Mother who killed her girl admits: I suffocated son too
A MOTHER already in jail for killing her daughter was yesterday handed a life sentence for murdering her baby son six months earlier.
Lesley Dunford admitted to prison officers that she suffocated seven-month-old Harley by pressing his head into the mattress in his cot.
She told them ‘I killed the baby’ – and described the ‘blood coming out of his mouth and nose’.
The 37-year-old’s confession came two years into her seven-year prison sentence for killing her daughter Lucy. She was found guilty of the three-year-old’s manslaughter in June 2012.
At the latest hearing, prosecutor Philippa McAtasney told the Old Bailey: ‘No new evidence had come to light when the defendant began making admissions [about] killing her son at Drake Hall Prison in Staffordshire. She said “I did it, I killed the baby” – she said she was sure, she was having nightmares and flashbacks.’
Following Harley’s death on August 27, 2003, a post-mortem examination found that he had died from pneumonia. But Dunford told a support worker: ‘They told me he died from a respiratory problem, but he didn’t. I killed him.

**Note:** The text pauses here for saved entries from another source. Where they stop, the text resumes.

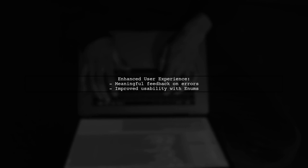This approach enhances user experience by providing meaningful feedback when incorrect values are passed.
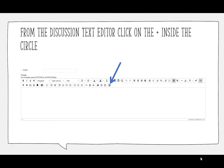So you'll start in your discussion where you've already created your thread or your reply, and you're going to click on this plus sign that looks like inside of a circle.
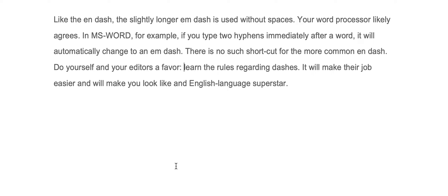Like the N-dash, the slightly longer M-dash is used without spaces. Your word processor likely agrees. For example, in Microsoft Word, if you type two hyphens immediately after a word, it will automatically change to an M-dash. There is no such shortcut for the common N-dash.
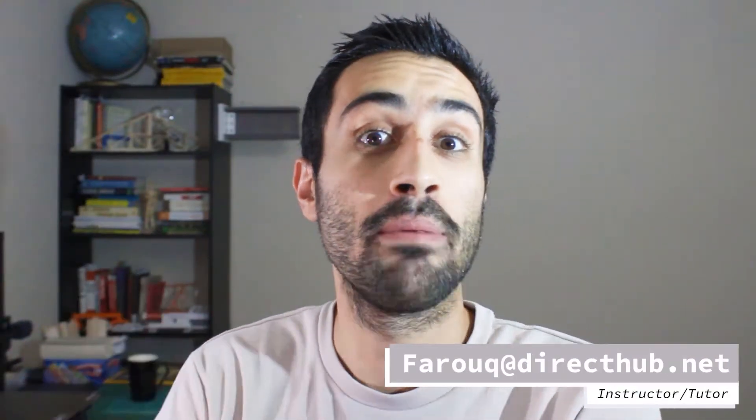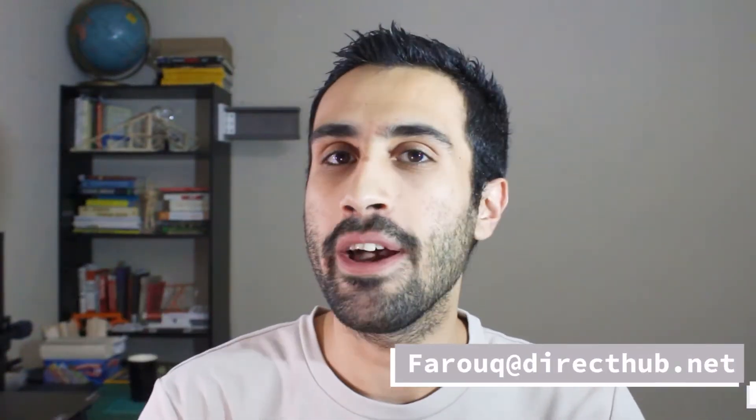Hi Farouk here at Direct Talk coming at you with another FE exam study tip. This is a simple study tip where we're going to take the PDF of the FE handbook and mark it down with comments, notes, things to watch out for, and so on.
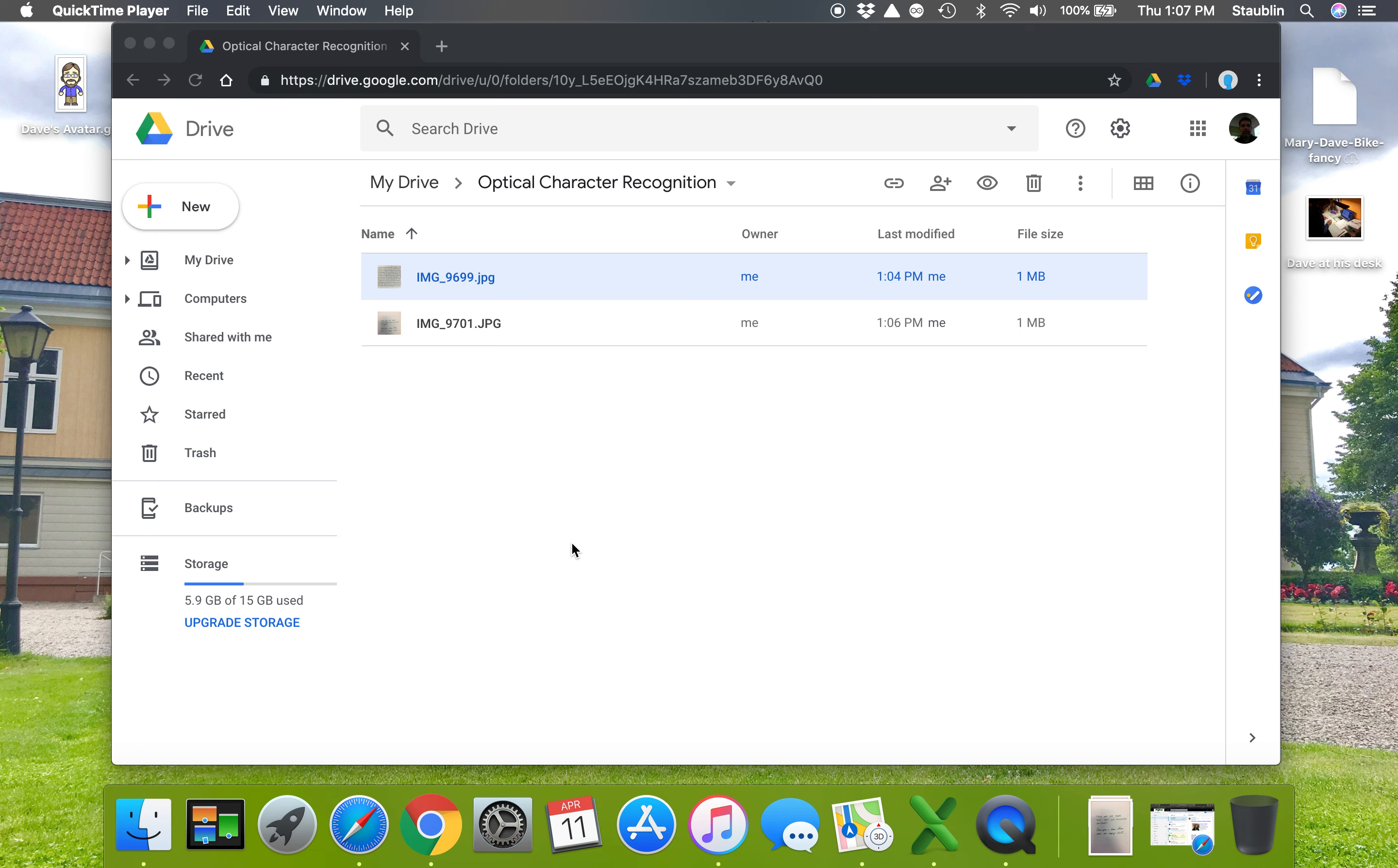Dave Staublin here. I want to show you a cool feature in Google Drive called optical character recognition.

He had blood coming out of his mouth and nose.’
She described bumping his head accidentally against a headboard as she laid him down for a nap, which made him cry. She then pressed his head into the mattress to suffocate him.
When asked if she was sure, as she had a history of retracting confessions, Dunford said: ‘I don’t want to take it back, I just want to be punished.’ She said that she was racked with guilt.
The prosecution added: ‘She also made admissions about Lucy, saying she hit her head against the headboard and then suffocated her and that she was struggling.’
‘She said “I think I did, I was bad”. She indicated that others had told her she could have postnatal depression – [but] there’s no evidence to support this.’
Dunford’s daughter died on February 2, 2004, at their home in Camber, East Sussex. The inquest was then delayed until 2009 because of court proceedings relating to Dunford’s other children with her husband Wayne. After a review of the medical evidence, Lucy was found to have died from asphyxiation, the court heard.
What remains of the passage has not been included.